··· RECORDS TO USE ···

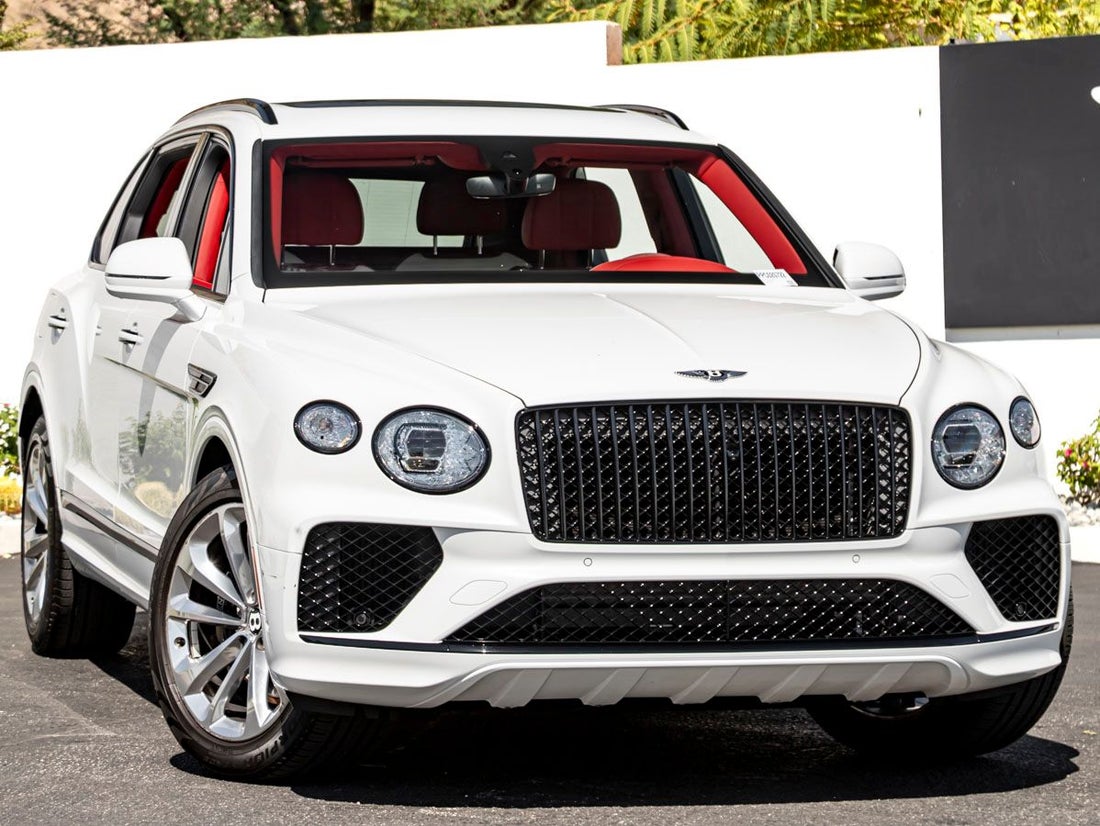 2023 Bentley Bentayga EWB Base
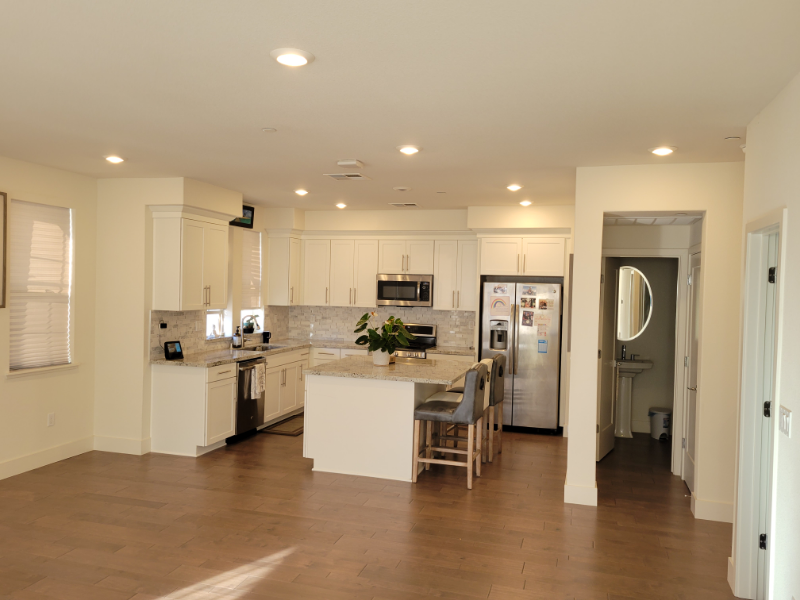 Newark Townhome: 8649 Seawind Way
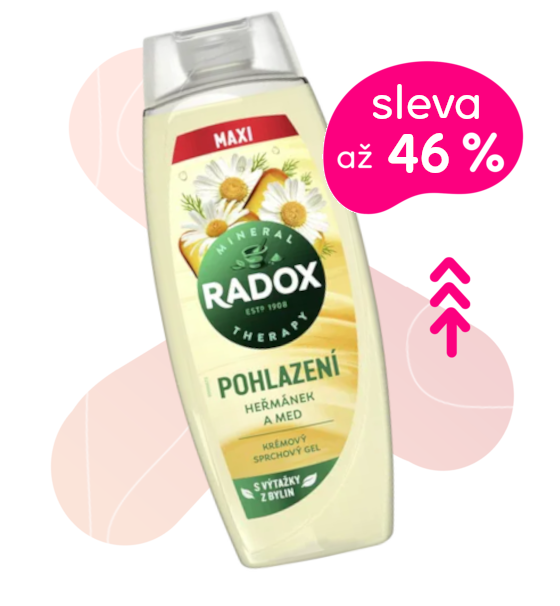 Radox - sleva až 46% | Pilulka.cz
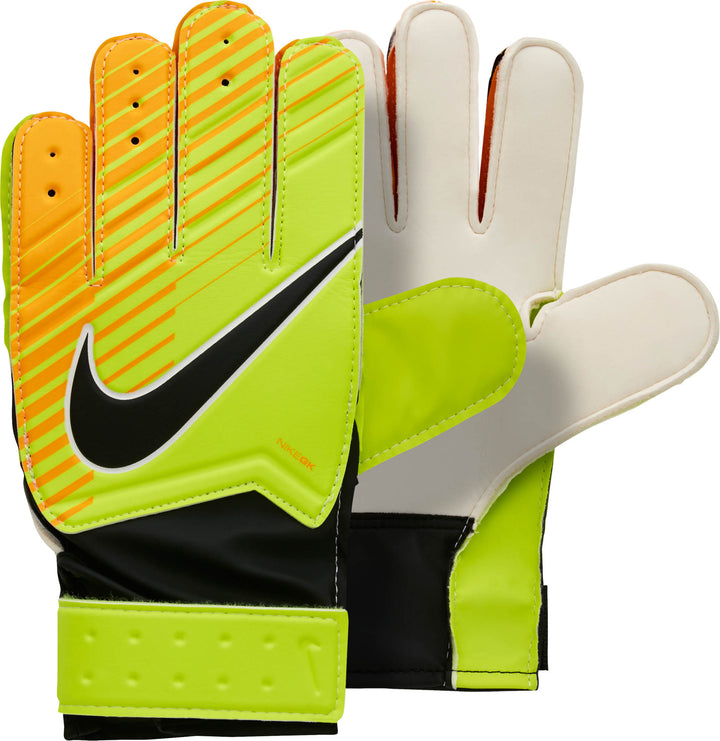 Guantes de portero Nike Match Voltio/Naranja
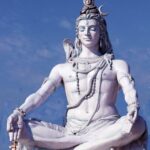 Shiva Statue on private India tour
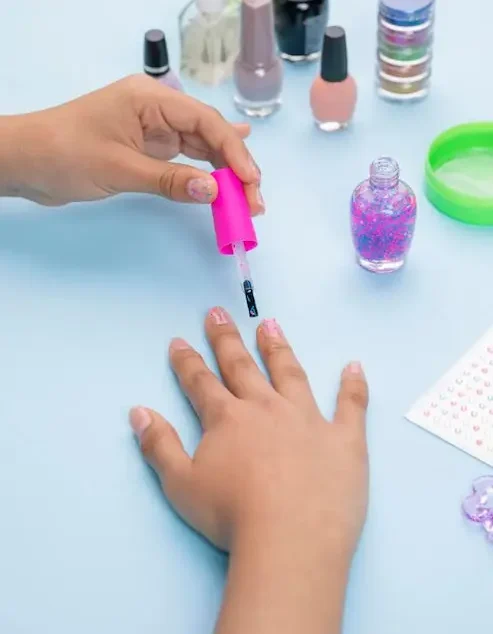 Kids Nail Salon in Terrell TX 2 Kids Nail Salon Terrell TX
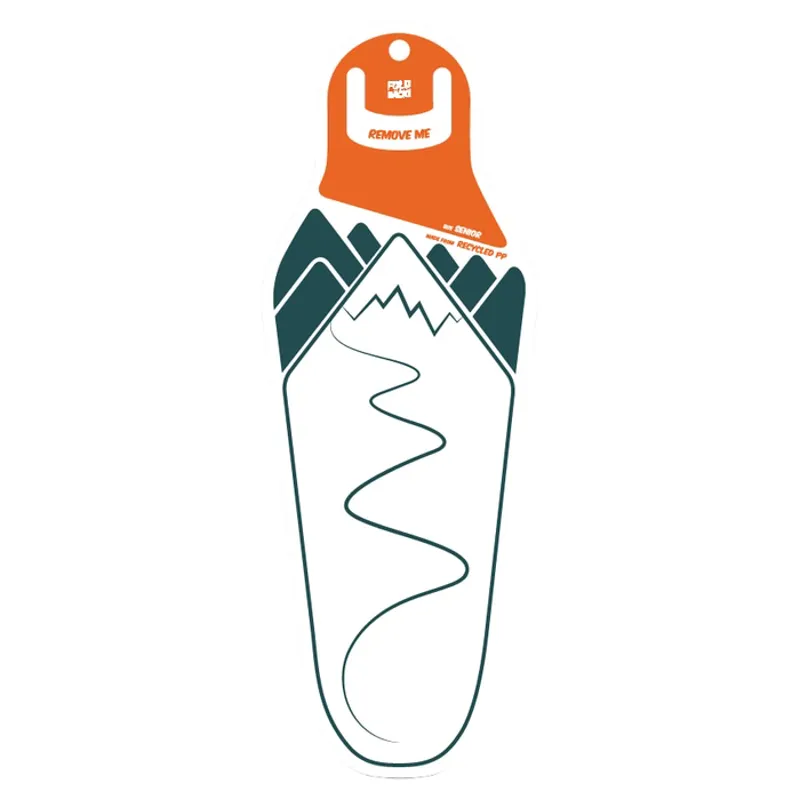 Boot Bib Senior Mountain Multicolour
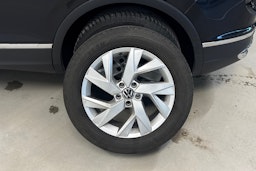 musta Volkswagen Tiguan 2022 kuva 13.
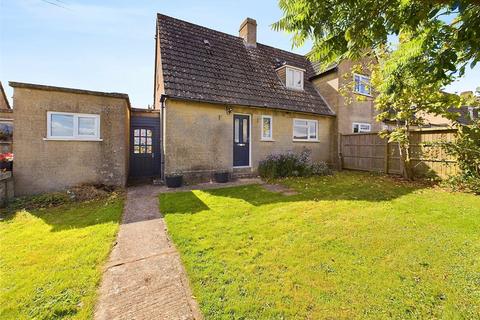 2 bedroom semi-detached house for sale, Cheltenham Road, Bisley, Stroud, Gloucestershire, GL6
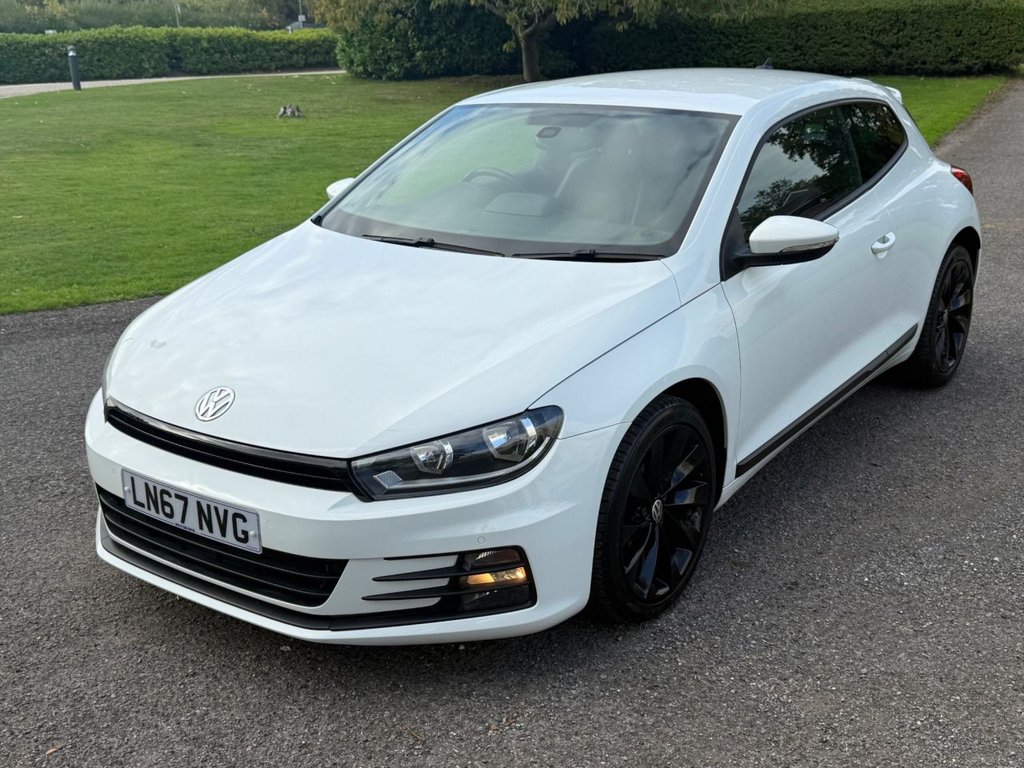 Used Volkswagen Scirocco 2017 for sale - 76255998: Photo 7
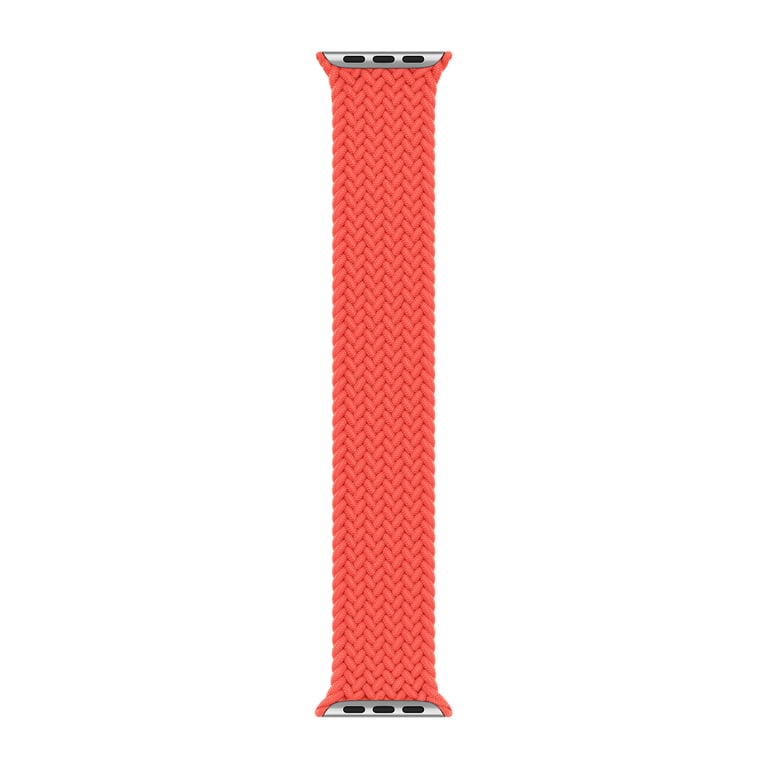 Bracelet Apple Watch 42mm Solo tressé - vue 3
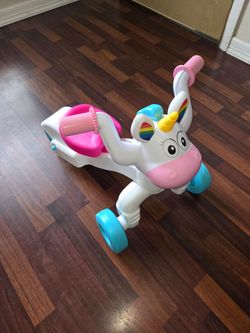 Little Tikes Go & Grow Unicorn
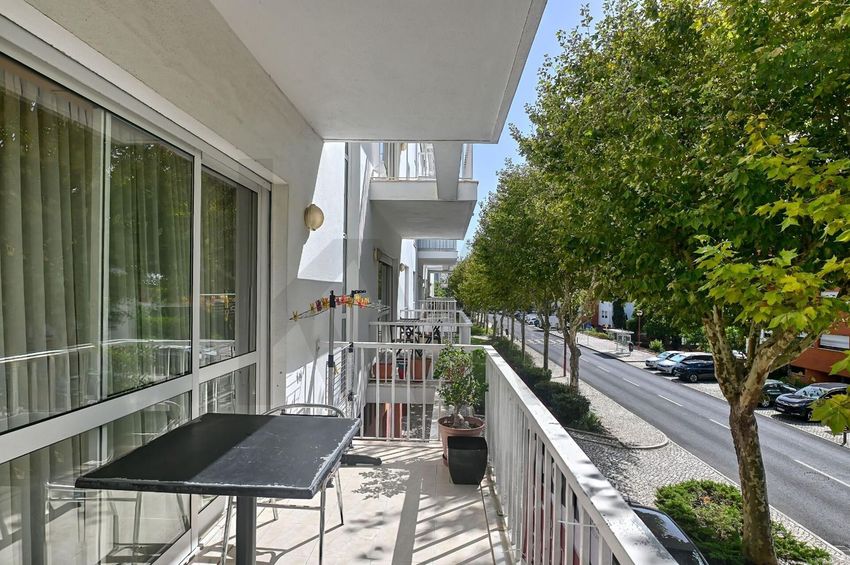 Imagem Terraço de apartamento t3 em Rua Professor Rómulo de Carvalho, 6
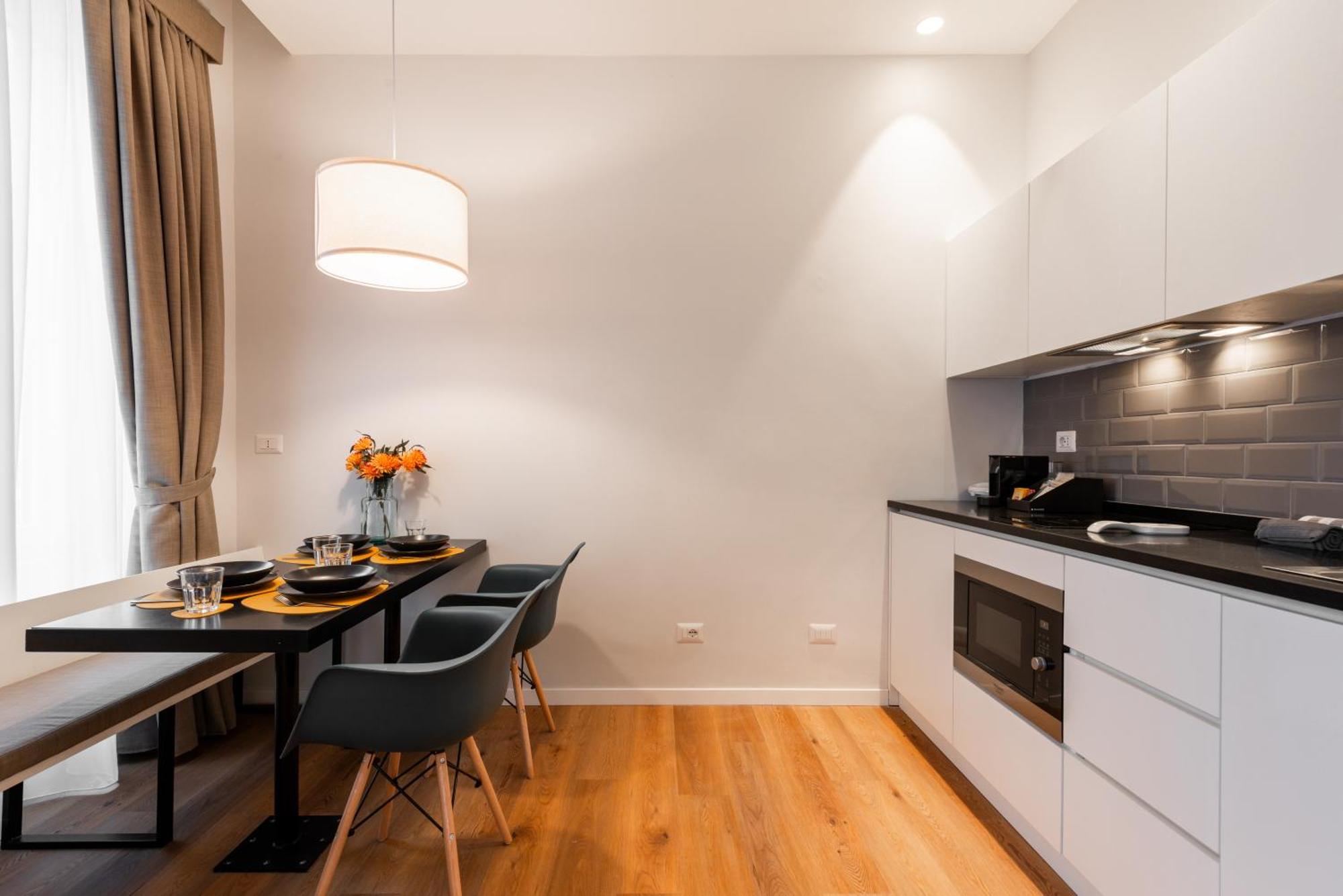 Major House - Luxury Apartments In Rome By Hostand エクステリア 写真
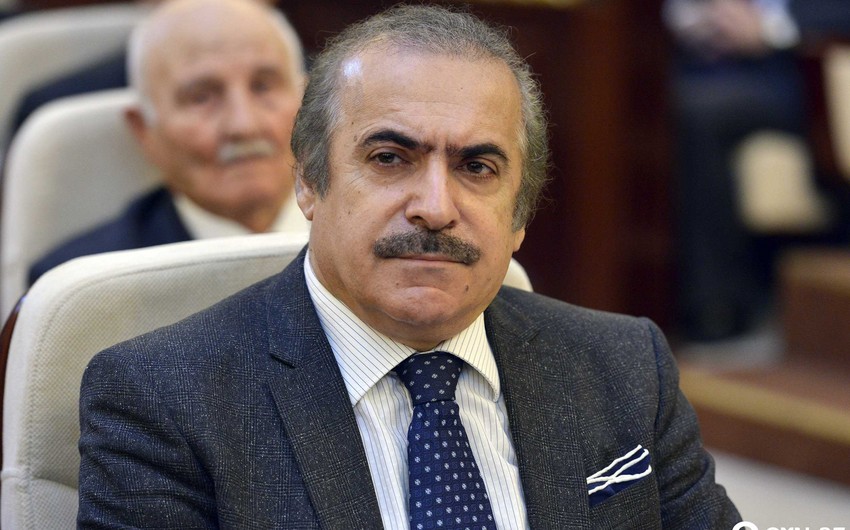 Rafael Hüseynov “Şərəf” ordeni ilə təltif edilib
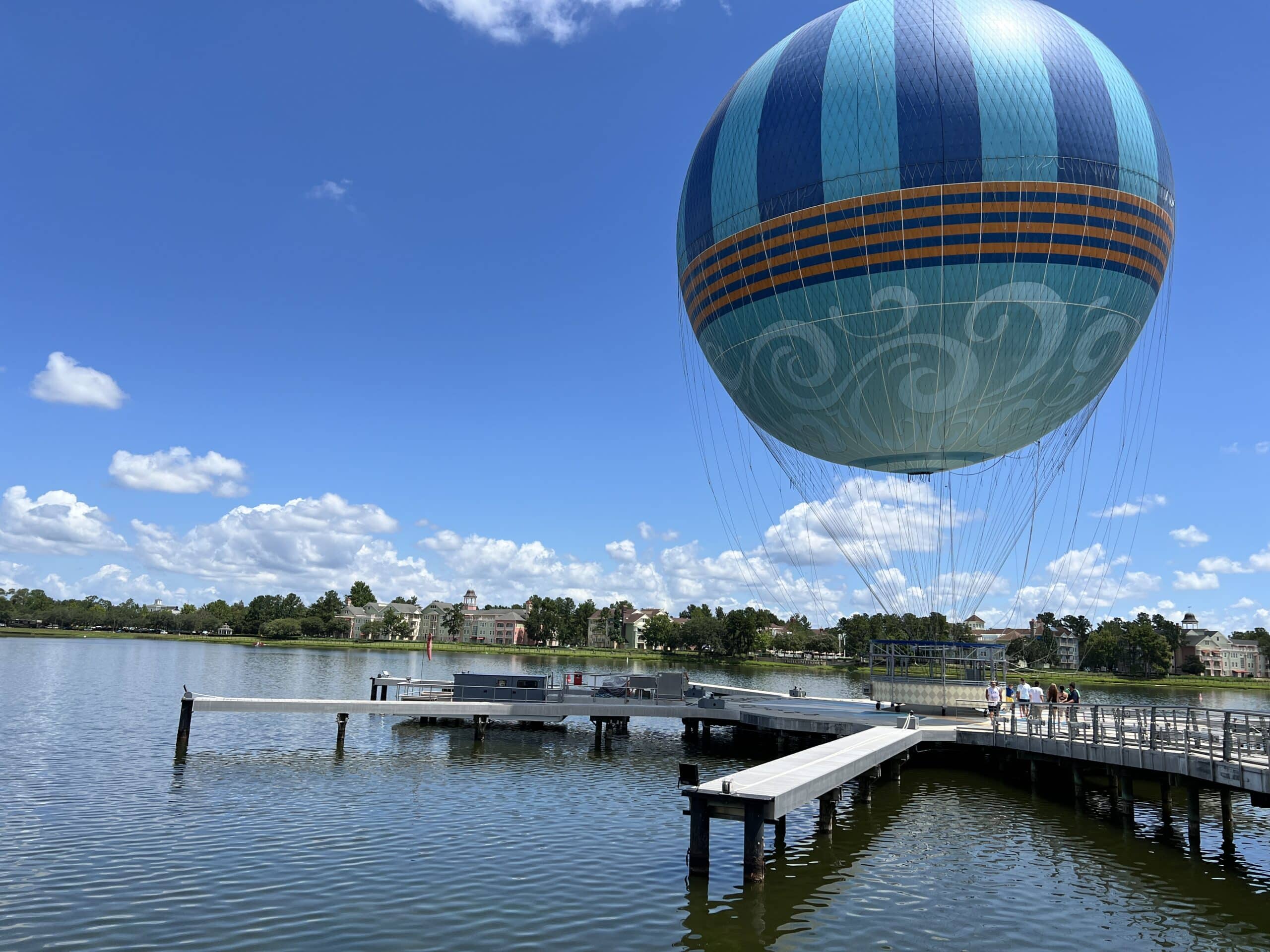 Virtual Walk through Disney Springs at Walt Disney World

···

- [ACTION ITEM] Please return the lines from the line with "ilə təltif edilib" through the last line of the data, both included, exactly, and without pictures.

- [YOUR SOLUTION]
 Rafael Hüseynov “Şərəf” ordeni ilə təltif edilib
 Virtual Walk through Disney Springs at Walt Disney World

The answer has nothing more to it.